R/orm_validate.R
In orisma: Occupational Risk Integrated Systematic Mapping and Analysis

Documented in orm_validate print.orisma_kappa

#' Manual validation assistant with Cohen's Kappa
#'
#' @description
#' `orm_validate()` supports methodological validation of ORISMA's automatic
#' risk extraction by presenting a random sample of classified records for
#' manual review. It then computes **Cohen's Kappa** to measure agreement
#' between automatic and manual classification.
#'
#' This addresses a key peer-review concern: distinguishing between
#' "category detected by dictionary" and "risk actually evaluated in study".
#'
#' The function saves a CSV file pre-filled with automatic classifications
#' that the researcher edits manually, then re-loads for Kappa computation.
#'
#' @param mx An `orisma_matrix` object from [orm_extract()].
#' @param n_sample Integer. Number of records to sample. Default `30`.
#' @param out_dir Character. Directory to save validation files.
#' @param validation_file Character or NULL. Path to a completed validation
#'   CSV (output of a previous `orm_validate()` call) for Kappa computation.
#'   If NULL, creates the file for manual review.
#' @param seed Integer. Random seed for reproducibility. Default `42`.
#' @param lang Character. `"en"` or `"es"`.
#' @param verbose Logical.
#'
#' @return If `validation_file` is NULL: invisibly returns the path to the
#'   validation CSV. If `validation_file` is provided: returns a data frame
#'   with Kappa statistics per category.
#'
#' @export
orm_validate <- function(mx,
                          n_sample        = 30L,
                          out_dir         = "orisma_validation",
                          validation_file = NULL,
                          seed            = 42L,
                          lang            = getOption("orisma.lang", "en"),
                          verbose         = getOption("orisma.verbose", TRUE)) {

  .check_lang(lang)
  if (!inherits(mx, "orisma_matrix")) {
    stop("'mx' must be an orisma_matrix object from orm_extract().", call. = FALSE)
  }

  if (!dir.exists(out_dir)) dir.create(out_dir, recursive = TRUE)

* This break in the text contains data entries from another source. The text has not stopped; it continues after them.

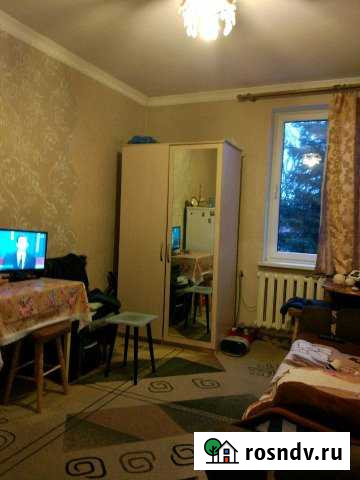 Комната 14 м² в 6-ком. кв., 3/3 эт. на продажу в Зеленоградске Зеленоградск - изображение 1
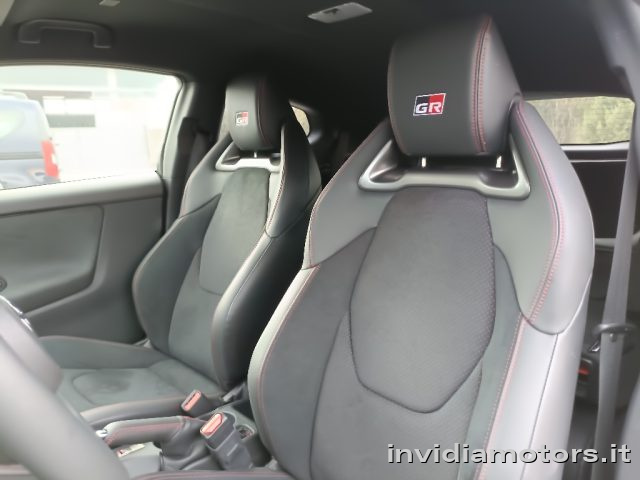 TOYOTA Yaris usata, con Cerchi in lega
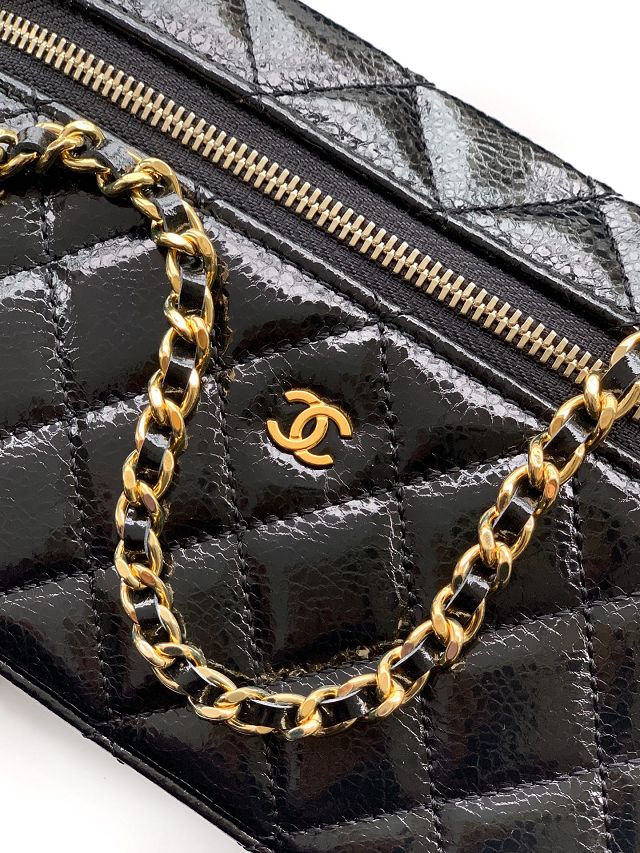 CC original patent calfskin vanity with chain AP4385 black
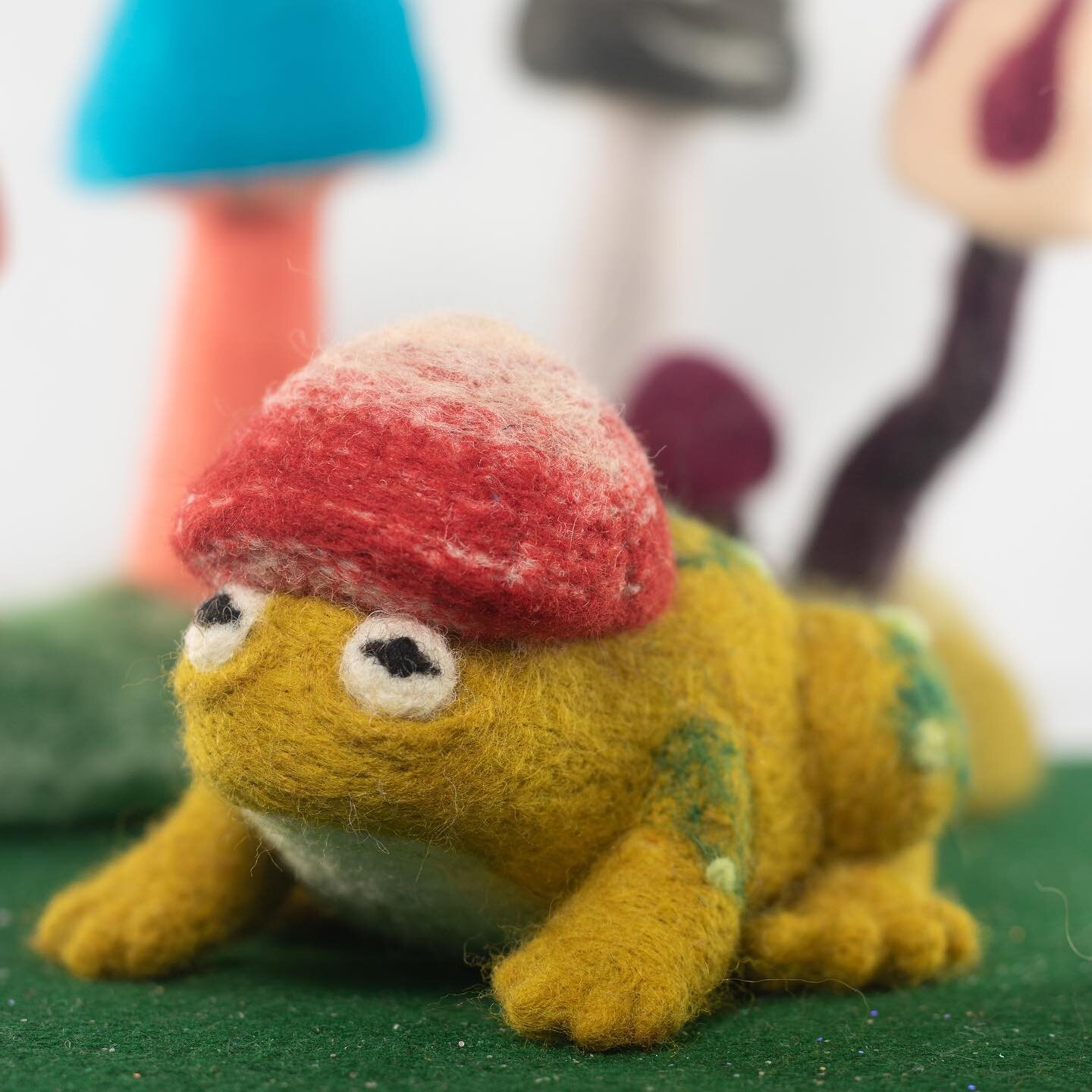 I made a friend for my friend for his friend! 
.
.
#felted #feltedwool #glamourshots #toad #fiberarts #mushrooms #mushroomart
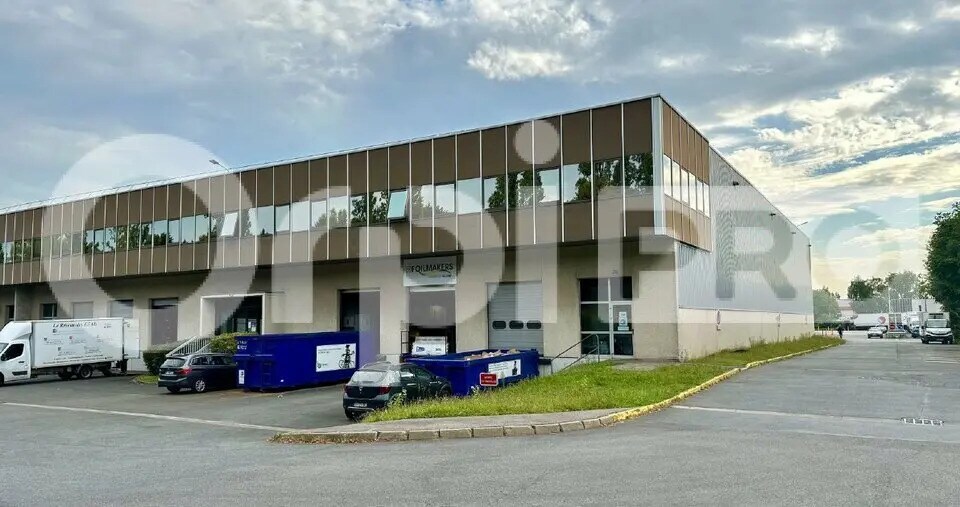 Industrial in Wissous for lease - Building Photo - Image 2 of 5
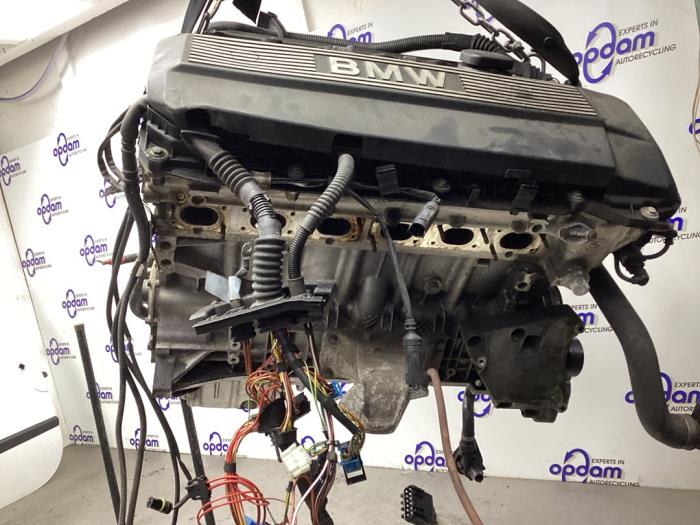 Used Engine BMW 5 serie (E39) 530i 24V Price € 1.100,00 Margin scheme offered by Gebr Opdam B.V.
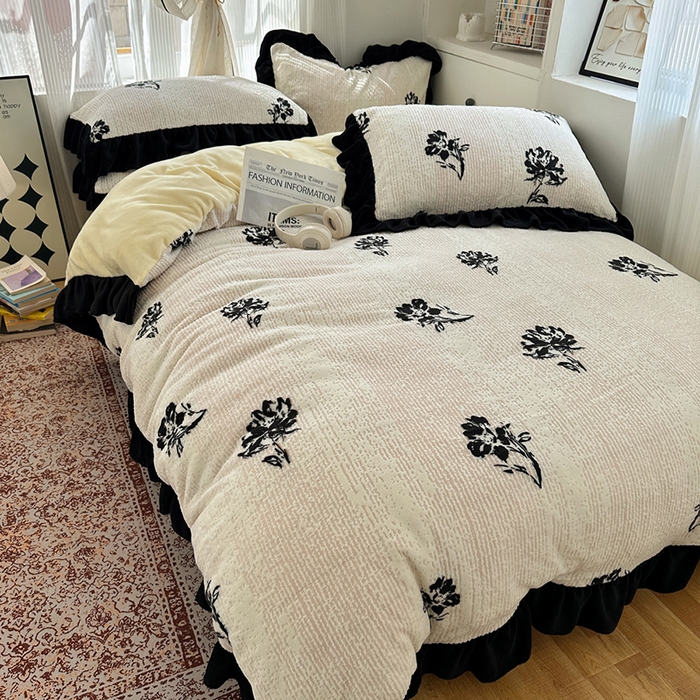 91家纺网 家纺一手货源 找家纺 轻奢坊 2025新款琢色烂花牛奶绒花边套件四件套-赫本风 赫本-玫瑰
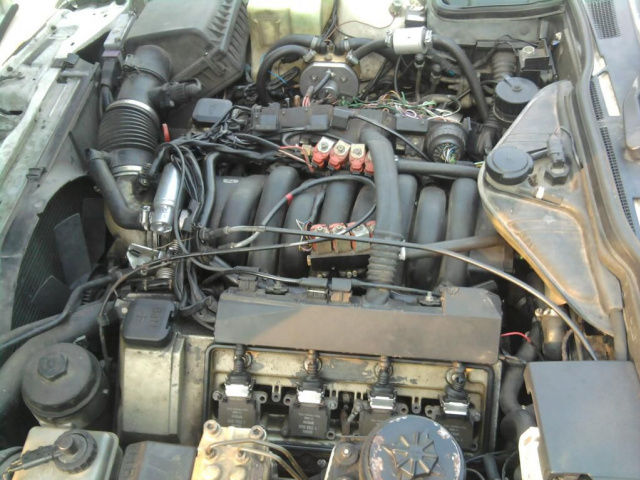 Двигатель + коробка передач BMW serii 7 e32 3, 0 V8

  # ── Mode 1: Create validation file ──────────────────────────────────────────
  if (is.null(validation_file)) {

    set.seed(seed)
    refs    <- mx$refs
    bin_mat <- mx$matrix
    n_total <- nrow(refs)
    n_samp  <- min(n_sample, n_total)

    # Sample records with at least one category detected (more informative)
    has_cat <- which(rowSums(bin_mat) > 0)
    no_cat  <- which(rowSums(bin_mat) == 0)

    # 80% from records with categories, 20% from those without
    n_with <- min(round(n_samp * 0.8), length(has_cat))
    n_with <- max(n_with, 0)
    n_without <- min(n_samp - n_with, length(no_cat))

    idx <- c(
      if (n_with > 0) sample(has_cat, n_with) else integer(0),
      if (n_without > 0) sample(no_cat, n_without) else integer(0)
    )
    idx <- sort(idx)

    # Build validation dataframe
    sample_refs <- refs[idx, ]
    sample_mat  <- bin_mat[idx, , drop = FALSE]
    cat_names   <- colnames(bin_mat)

    # Active categories only (those with at least 1 detection in sample)
    active_cats <- cat_names[colSums(sample_mat) > 0]

    val_df <- data.frame(
      record_id   = sample_refs$record_id,
      title       = sample_refs$title,
      abstract    = substr(as.character(sample_refs$abstract), 1, 500),
      stringsAsFactors = FALSE
    )

    # Add automatic classification columns
    for (cat in active_cats) {
      col_name <- paste0("auto_", cat)
      val_df[[col_name]] <- as.integer(sample_mat[, cat])
    }

    # Add manual classification columns (pre-filled with NA for researcher)
    for (cat in active_cats) {
      col_name <- paste0("manual_", cat)
      val_df[[col_name]] <- NA_integer_
    }

    # Add notes column
    val_df$notes <- NA_character_

    # Save
    val_path <- file.path(out_dir, "orisma_validation_sample.csv")
    readr::write_csv(val_df, val_path)

    if (verbose) {
      cli::cli_alert_success(paste0(
        if (lang == "es") "Fichero de validacion creado: " else "Validation file created: ",
        val_path
      ))
      cli::cli_alert_info(paste0(
        if (lang == "es")
          paste0("Rellene las columnas 'manual_*' con 0 o 1 para ", n_samp,
                 " articulos y ejecute orm_validate() con validation_file=")
        else
          paste0("Fill in the 'manual_*' columns with 0 or 1 for ", n_samp,
                 " articles and run orm_validate() with validation_file="),
        val_path
      ))
    }

    return(invisible(val_path))
  }

  # ── Mode 2: Compute Kappa from completed file ────────────────────────────────
  val_df <- readr::read_csv(validation_file, show_col_types = FALSE)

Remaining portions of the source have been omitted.